━━ THE INPUT
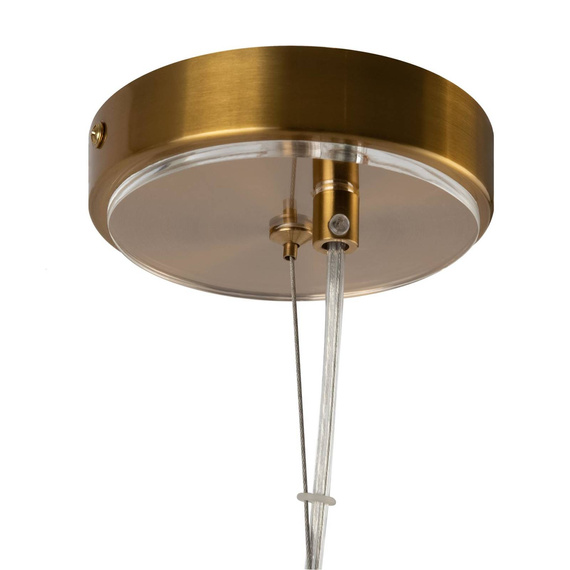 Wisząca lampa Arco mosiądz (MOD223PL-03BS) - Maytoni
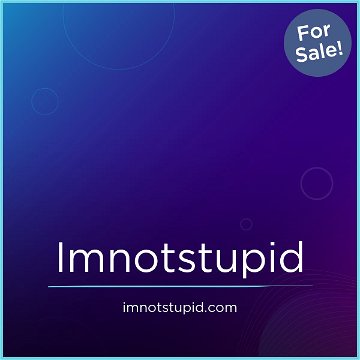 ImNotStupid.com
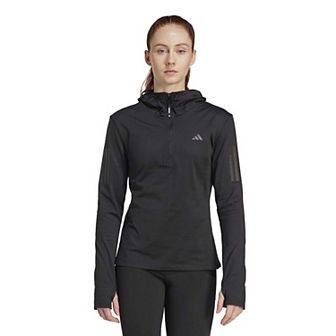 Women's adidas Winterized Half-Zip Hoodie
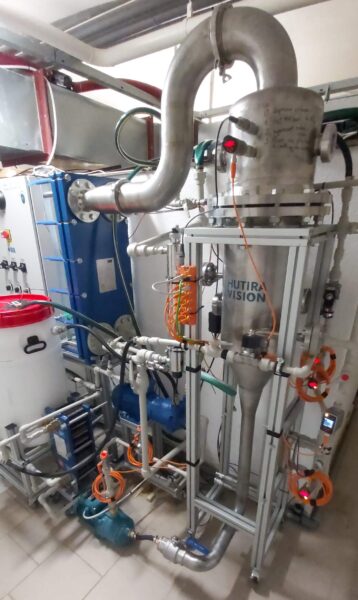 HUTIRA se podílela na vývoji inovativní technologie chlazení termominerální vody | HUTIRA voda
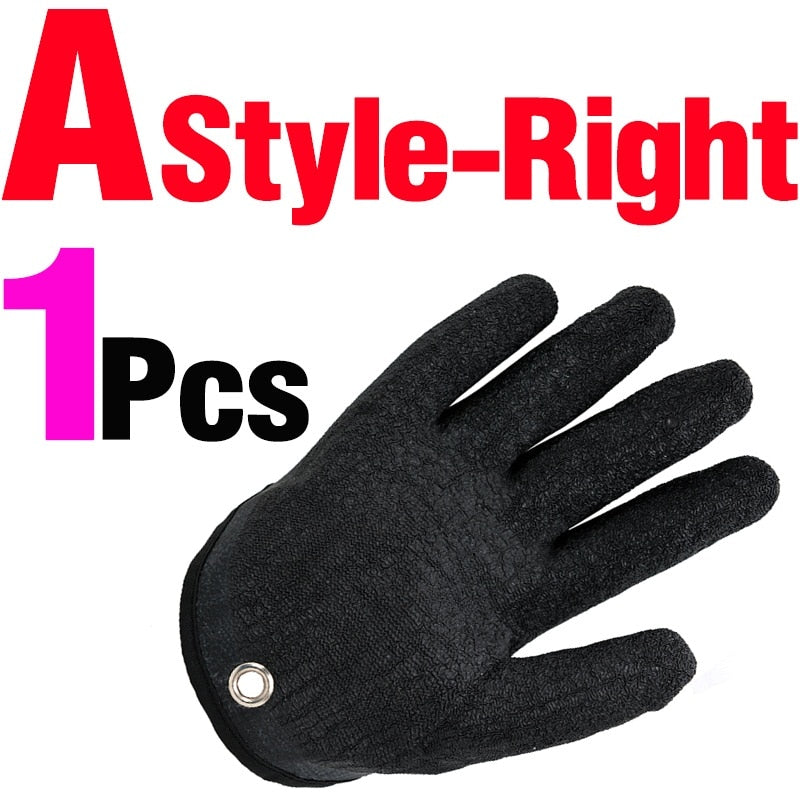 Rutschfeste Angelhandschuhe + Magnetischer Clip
━━━━
━━ THE INPUT
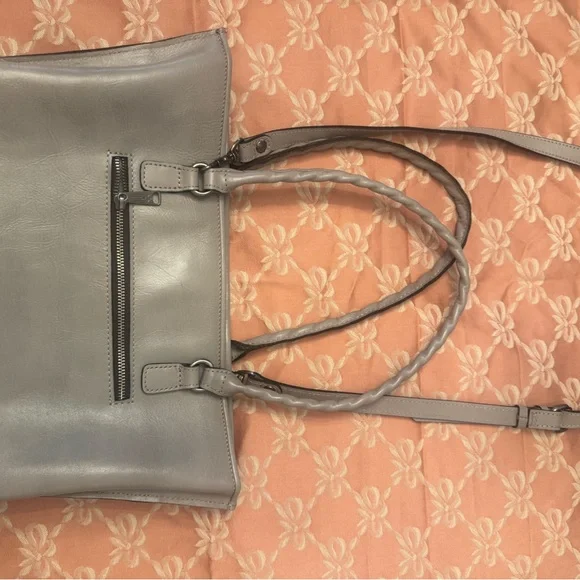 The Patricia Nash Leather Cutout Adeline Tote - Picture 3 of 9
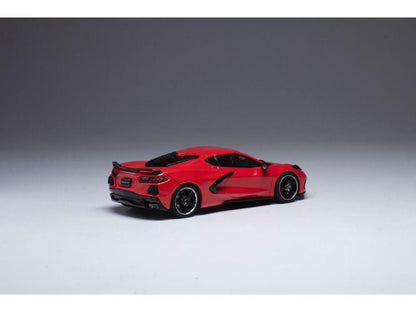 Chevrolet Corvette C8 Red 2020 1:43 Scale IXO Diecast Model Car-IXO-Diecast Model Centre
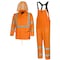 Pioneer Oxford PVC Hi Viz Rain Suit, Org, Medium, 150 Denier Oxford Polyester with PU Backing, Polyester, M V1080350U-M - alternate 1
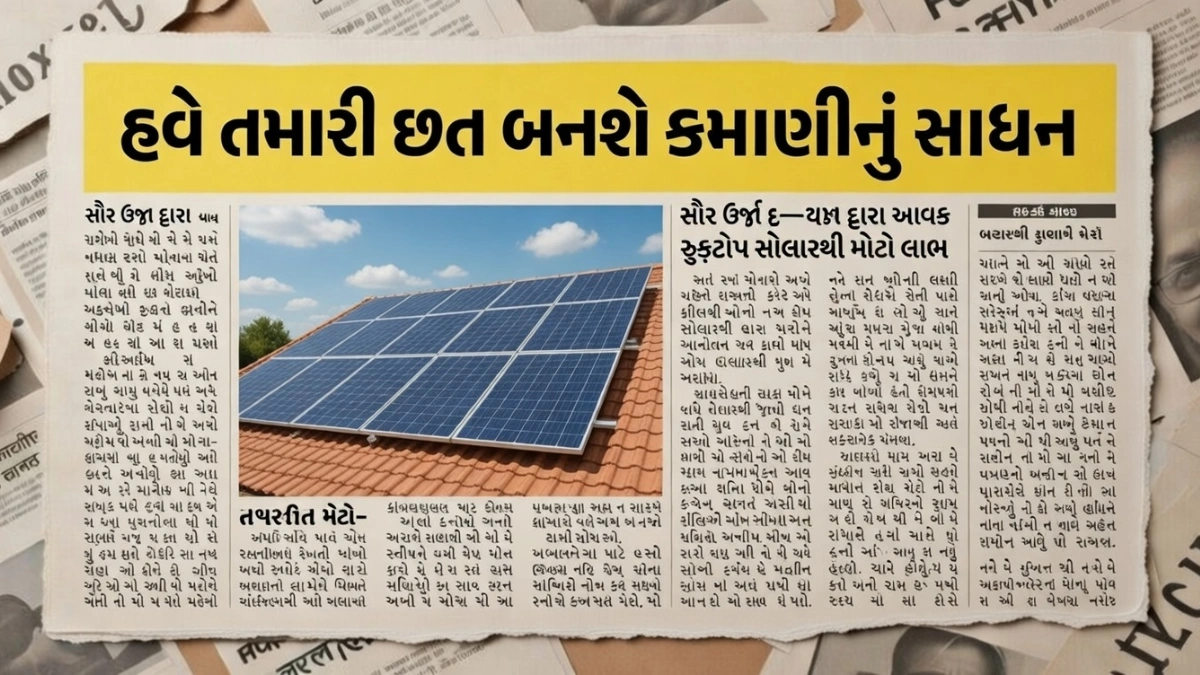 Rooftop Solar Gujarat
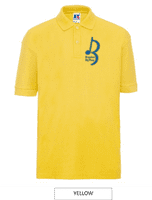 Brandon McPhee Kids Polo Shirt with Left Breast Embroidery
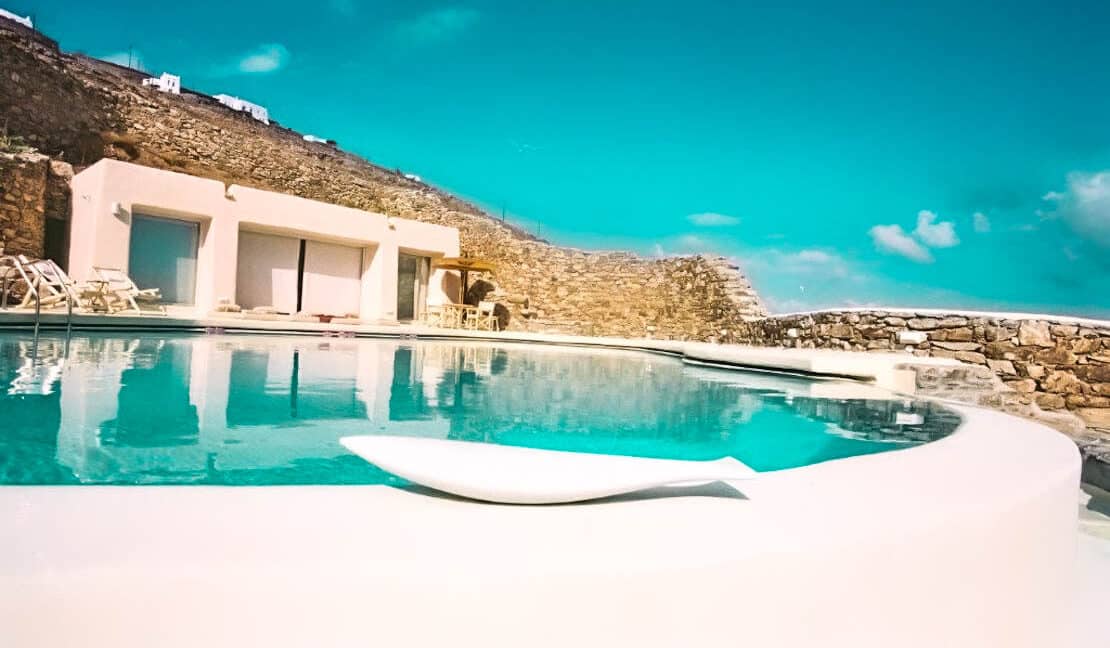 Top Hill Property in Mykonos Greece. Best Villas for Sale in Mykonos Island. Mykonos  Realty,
━━━━
━━ THE INPUT
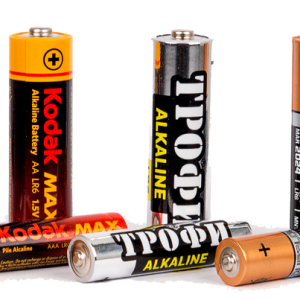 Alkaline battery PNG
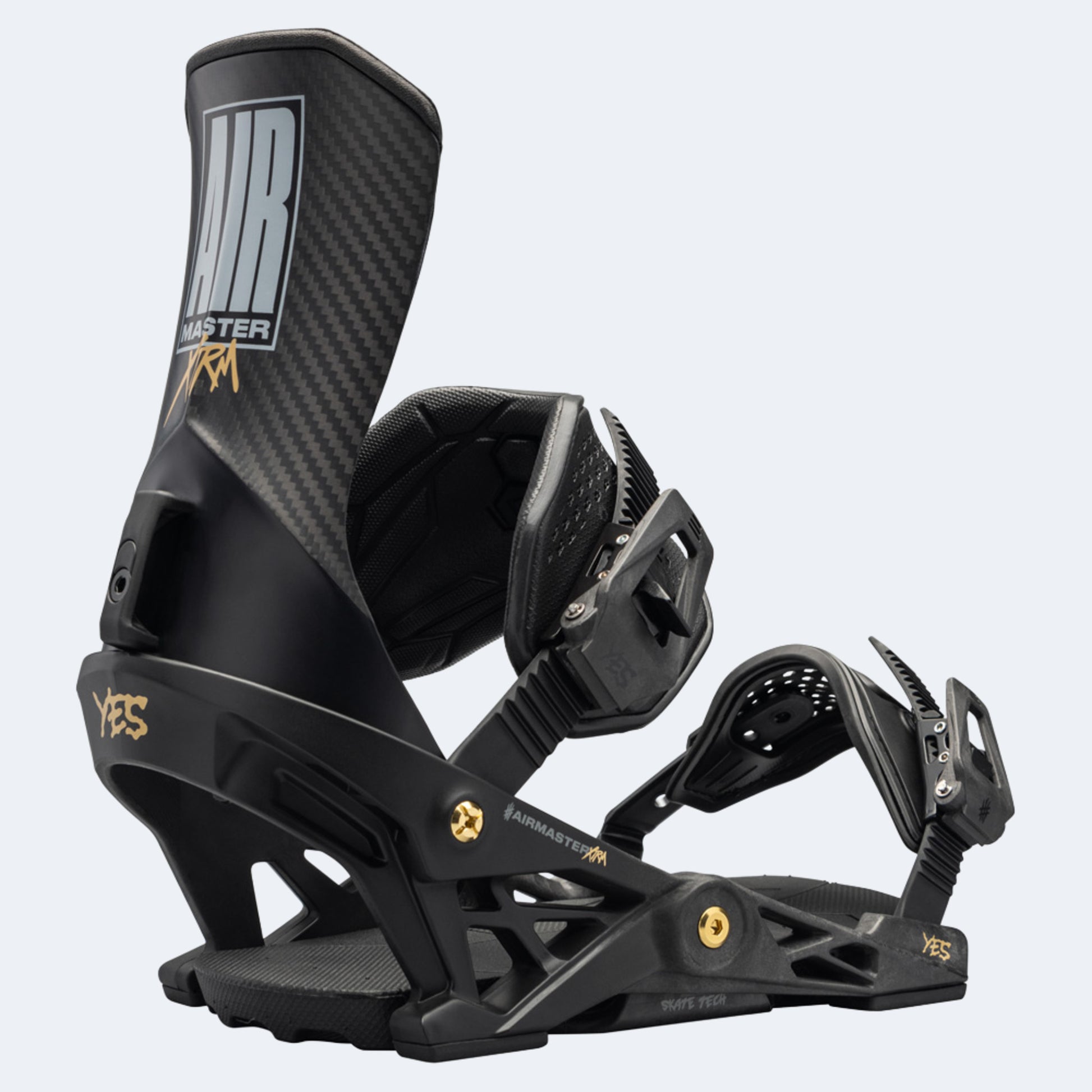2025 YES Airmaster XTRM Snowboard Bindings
━━━━
EXERCISE REQUIREMENTS :: What you return must match the lines above from the one with "Alkaline battery PNG" through the one with "2025 YES Airmaster XTRM Snowboard Bindings" exactly, with both ends included and the pictures excluded.

ANSWER SPACE ::
 Alkaline battery PNG
2025 YES Airmaster XTRM Snowboard Bindings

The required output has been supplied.